[[ Data records open ]]

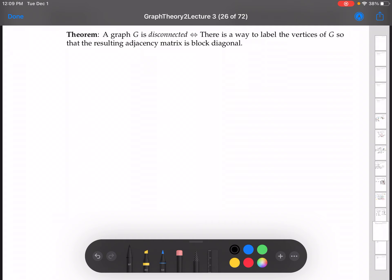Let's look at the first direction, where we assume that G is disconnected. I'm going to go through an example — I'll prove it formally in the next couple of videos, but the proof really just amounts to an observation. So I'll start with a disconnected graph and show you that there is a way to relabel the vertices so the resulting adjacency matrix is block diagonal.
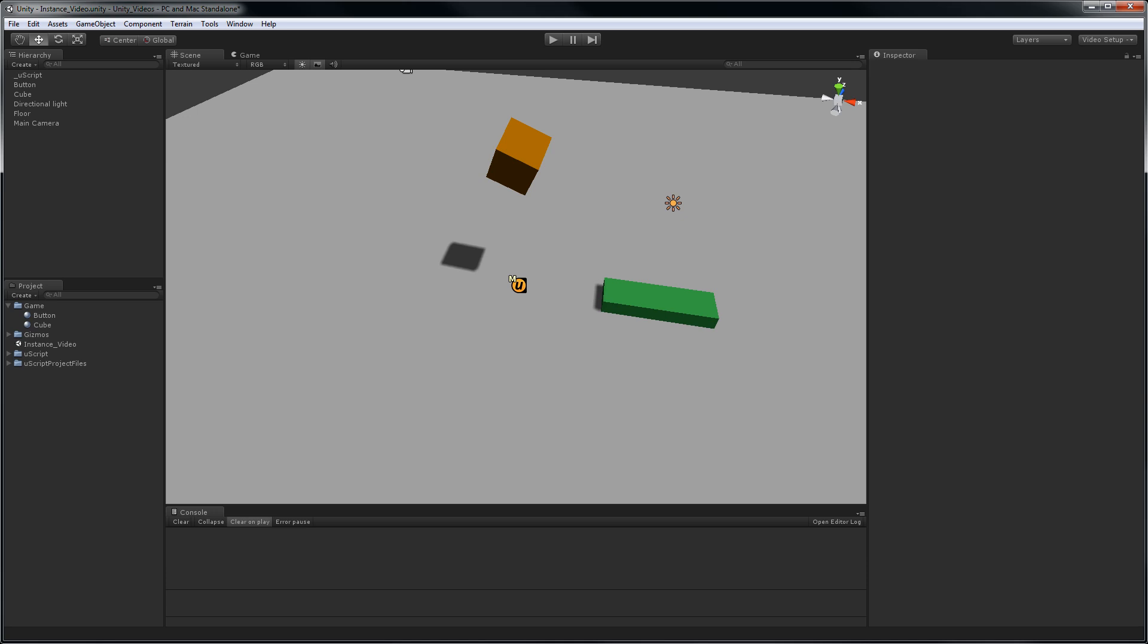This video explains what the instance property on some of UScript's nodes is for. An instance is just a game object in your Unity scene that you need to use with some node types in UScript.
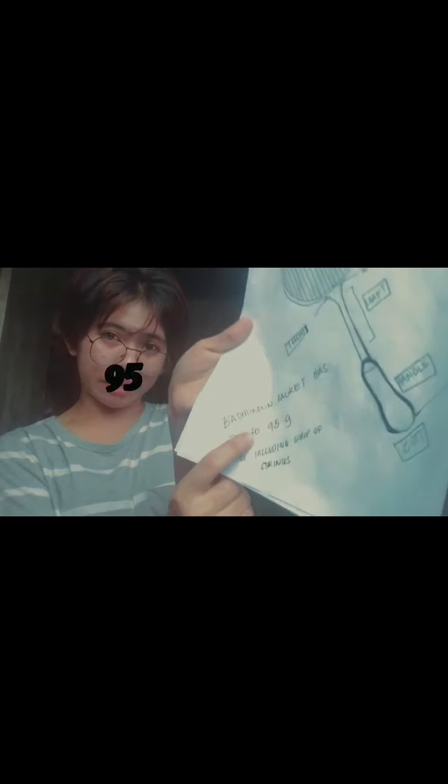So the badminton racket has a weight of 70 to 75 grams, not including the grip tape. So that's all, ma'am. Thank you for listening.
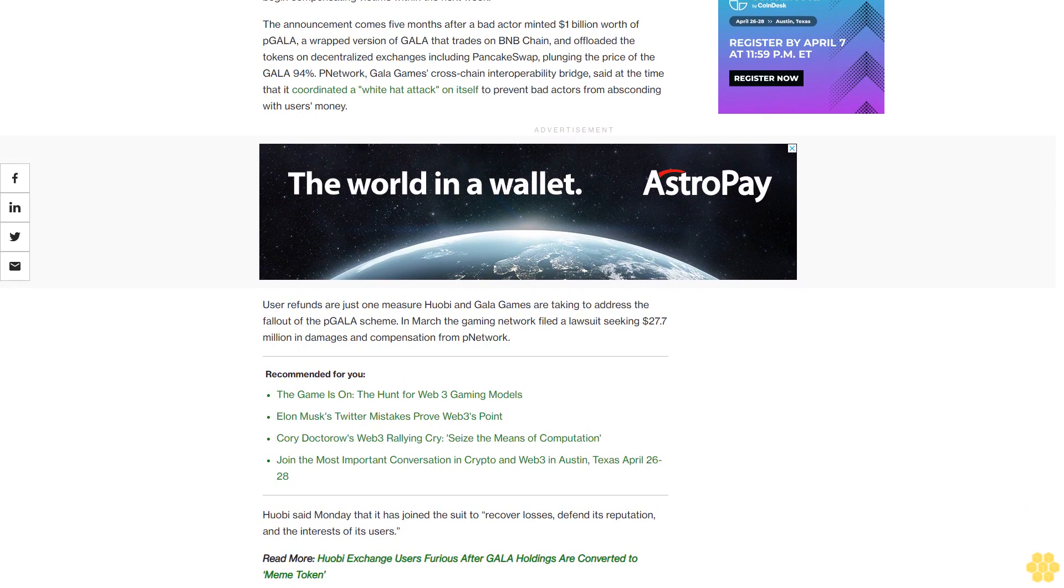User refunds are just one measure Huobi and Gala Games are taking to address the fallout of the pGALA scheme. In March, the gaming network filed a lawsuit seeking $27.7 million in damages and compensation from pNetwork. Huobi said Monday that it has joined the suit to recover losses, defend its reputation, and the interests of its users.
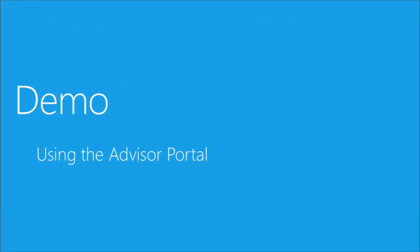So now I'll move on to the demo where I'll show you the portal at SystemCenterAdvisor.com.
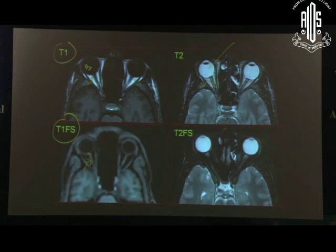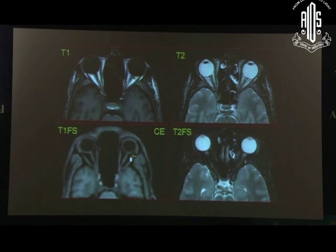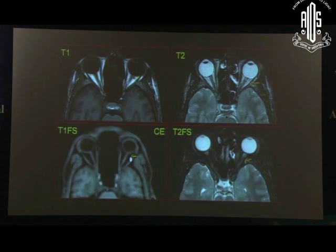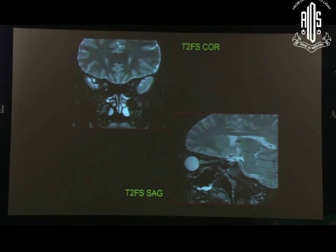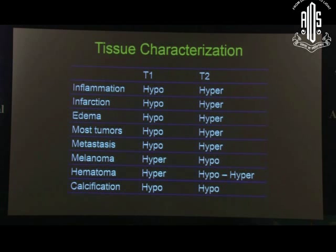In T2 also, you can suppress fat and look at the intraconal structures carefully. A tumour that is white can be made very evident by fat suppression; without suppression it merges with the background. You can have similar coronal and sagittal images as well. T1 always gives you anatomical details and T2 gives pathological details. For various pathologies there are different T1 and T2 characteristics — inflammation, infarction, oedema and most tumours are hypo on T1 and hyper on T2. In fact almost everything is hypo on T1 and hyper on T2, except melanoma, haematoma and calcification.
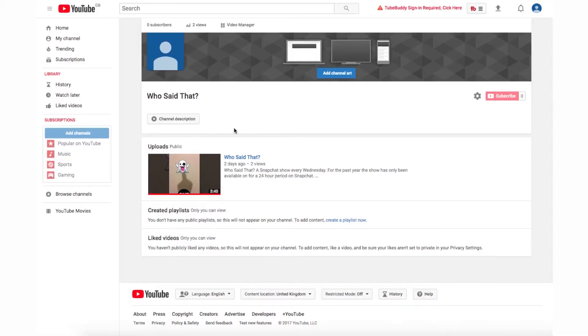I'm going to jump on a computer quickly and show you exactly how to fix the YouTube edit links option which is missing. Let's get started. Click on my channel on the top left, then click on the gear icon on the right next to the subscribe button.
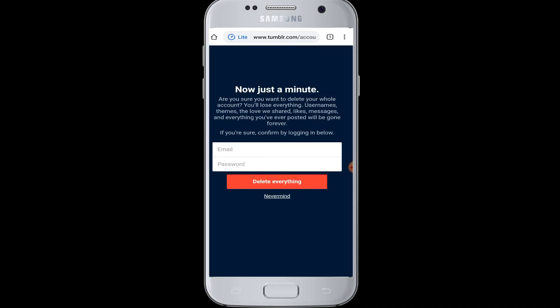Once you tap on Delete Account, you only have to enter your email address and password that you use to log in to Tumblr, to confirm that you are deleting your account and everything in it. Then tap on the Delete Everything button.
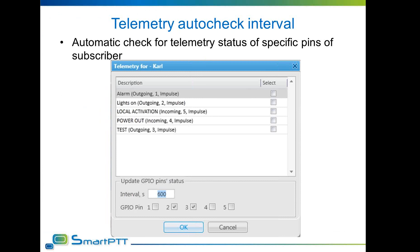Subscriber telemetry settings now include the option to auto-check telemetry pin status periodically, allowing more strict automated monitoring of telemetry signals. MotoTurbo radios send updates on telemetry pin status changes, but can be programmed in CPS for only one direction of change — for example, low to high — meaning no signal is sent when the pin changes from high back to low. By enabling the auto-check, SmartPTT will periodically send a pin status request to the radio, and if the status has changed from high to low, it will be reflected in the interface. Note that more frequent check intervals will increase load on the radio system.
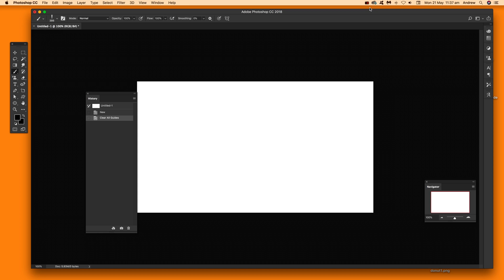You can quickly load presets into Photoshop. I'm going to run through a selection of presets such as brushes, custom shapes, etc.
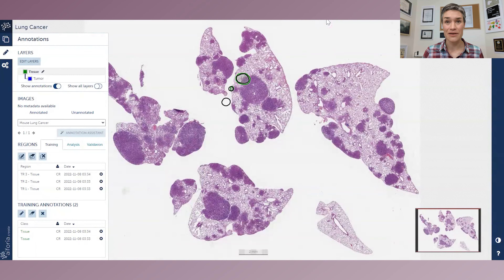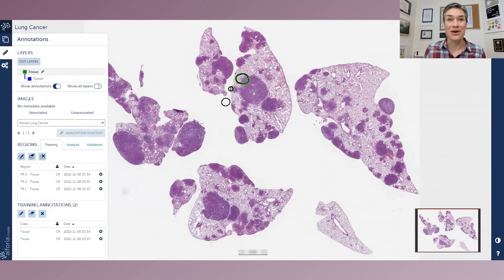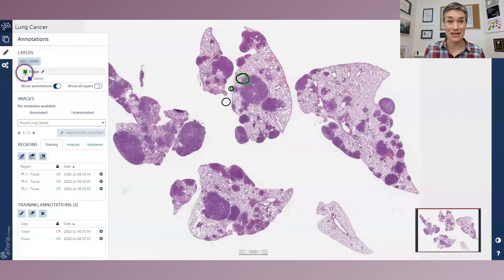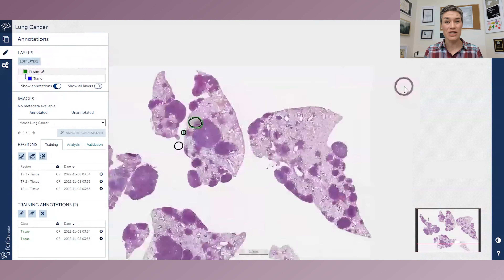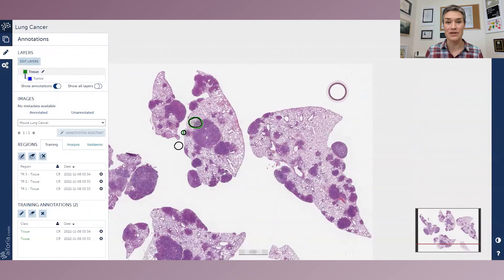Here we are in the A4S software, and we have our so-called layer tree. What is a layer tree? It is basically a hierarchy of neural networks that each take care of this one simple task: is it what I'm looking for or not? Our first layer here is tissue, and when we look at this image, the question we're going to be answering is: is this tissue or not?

[[ Data records closed ]]

- Instructions to follow -
Quote the preceding records in their entirety, excluding every picture.

- Output below -
Let's look at the first direction, where we assume that G is disconnected. I'm going to go through an example — I'll prove it formally in the next couple of videos, but the proof really just amounts to an observation. So I'll start with a disconnected graph and show you that there is a way to relabel the vertices so the resulting adjacency matrix is block diagonal.
This video explains what the instance property on some of UScript's nodes is for. An instance is just a game object in your Unity scene that you need to use with some node types in UScript.
So the badminton racket has a weight of 70 to 75 grams, not including the grip tape. So that's all, ma'am. Thank you for listening.
User refunds are just one measure Huobi and Gala Games are taking to address the fallout of the pGALA scheme. In March, the gaming network filed a lawsuit seeking $27.7 million in damages and compensation from pNetwork. Huobi said Monday that it has joined the suit to recover losses, defend its reputation, and the interests of its users.
So now I'll move on to the demo where I'll show you the portal at SystemCenterAdvisor.com.
In T2 also, you can suppress fat and look at the intraconal structures carefully. A tumour that is white can be made very evident by fat suppression; without suppression it merges with the background. You can have similar coronal and sagittal images as well. T1 always gives you anatomical details and T2 gives pathological details. For various pathologies there are different T1 and T2 characteristics — inflammation, infarction, oedema and most tumours are hypo on T1 and hyper on T2. In fact almost everything is hypo on T1 and hyper on T2, except melanoma, haematoma and calcification.
I'm going to jump on a computer quickly and show you exactly how to fix the YouTube edit links option which is missing. Let's get started. Click on my channel on the top left, then click on the gear icon on the right next to the subscribe button.
Once you tap on Delete Account, you only have to enter your email address and password that you use to log in to Tumblr, to confirm that you are deleting your account and everything in it. Then tap on the Delete Everything button.
Subscriber telemetry settings now include the option to auto-check telemetry pin status periodically, allowing more strict automated monitoring of telemetry signals. MotoTurbo radios send updates on telemetry pin status changes, but can be programmed in CPS for only one direction of change — for example, low to high — meaning no signal is sent when the pin changes from high back to low. By enabling the auto-check, SmartPTT will periodically send a pin status request to the radio, and if the status has changed from high to low, it will be reflected in the interface. Note that more frequent check intervals will increase load on the radio system.
You can quickly load presets into Photoshop. I'm going to run through a selection of presets such as brushes, custom shapes, etc.
Here we are in the A4S software, and we have our so-called layer tree. What is a layer tree? It is basically a hierarchy of neural networks that each take care of this one simple task: is it what I'm looking for or not? Our first layer here is tissue, and when we look at this image, the question we're going to be answering is: is this tissue or not?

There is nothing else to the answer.